WORK REQUEST
Take the listing below and print exactly the lines starting at the line containing "青岛结节性红斑该如何进行治疗呢" and ending at the line containing "Figure 3: CBCT", both ends included, and no others.

THE DATA
··········

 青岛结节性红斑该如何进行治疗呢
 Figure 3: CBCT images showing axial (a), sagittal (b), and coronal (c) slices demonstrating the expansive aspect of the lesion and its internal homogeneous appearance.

··········

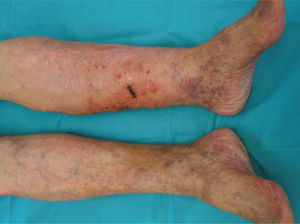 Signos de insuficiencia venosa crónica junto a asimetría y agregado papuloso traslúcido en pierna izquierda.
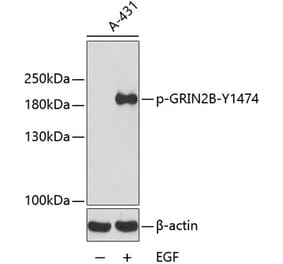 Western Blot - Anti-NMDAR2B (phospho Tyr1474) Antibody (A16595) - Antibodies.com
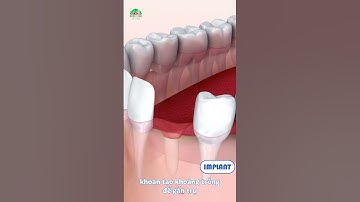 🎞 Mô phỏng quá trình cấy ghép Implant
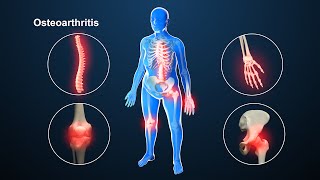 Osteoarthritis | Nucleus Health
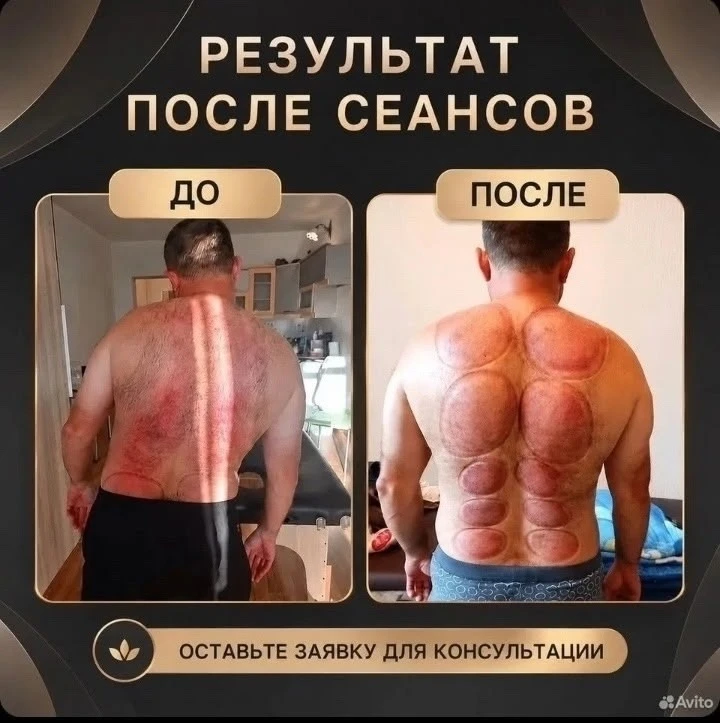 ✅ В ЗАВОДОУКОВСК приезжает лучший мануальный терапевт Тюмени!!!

··········

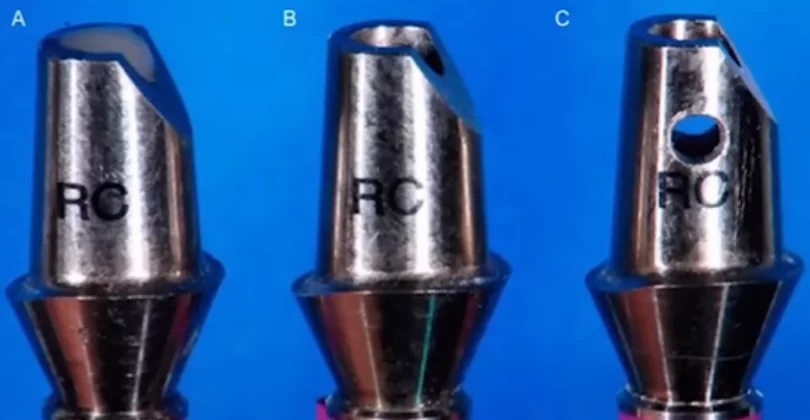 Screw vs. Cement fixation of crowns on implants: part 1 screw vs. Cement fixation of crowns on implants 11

··········

SOLVED PROBLEM
 青岛结节性红斑该如何进行治疗呢
 Figure 3: CBCT images showing axial (a), sagittal (b), and coronal (c) slices demonstrating the expansive aspect of the lesion and its internal homogeneous appearance.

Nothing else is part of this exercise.